» What is being asked
All lines below between the line with "Get your free" and the line with "Due to these", including both, must be copied exactly, and the pictures must be omitted.

» Data to examine

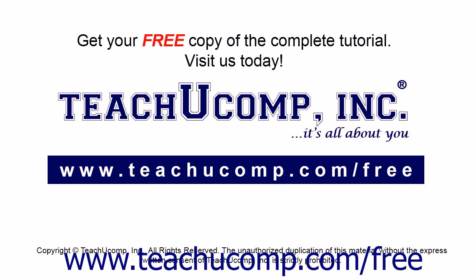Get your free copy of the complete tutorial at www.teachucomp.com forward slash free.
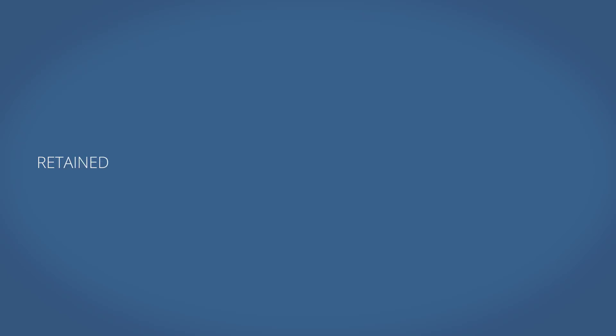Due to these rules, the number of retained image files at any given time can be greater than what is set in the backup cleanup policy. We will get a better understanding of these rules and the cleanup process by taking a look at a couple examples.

* * *

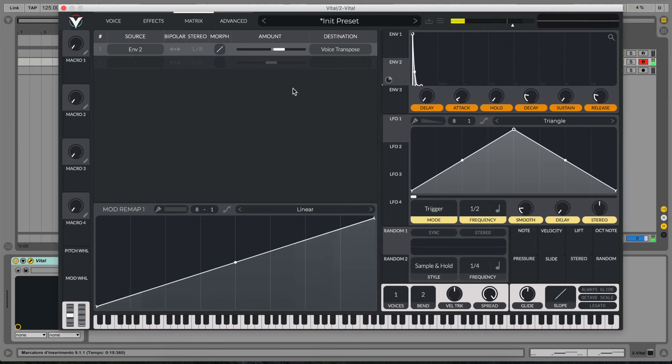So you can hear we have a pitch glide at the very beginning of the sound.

» Written solution
Get your free copy of the complete tutorial at www.teachucomp.com forward slash free.
Due to these rules, the number of retained image files at any given time can be greater than what is set in the backup cleanup policy. We will get a better understanding of these rules and the cleanup process by taking a look at a couple examples.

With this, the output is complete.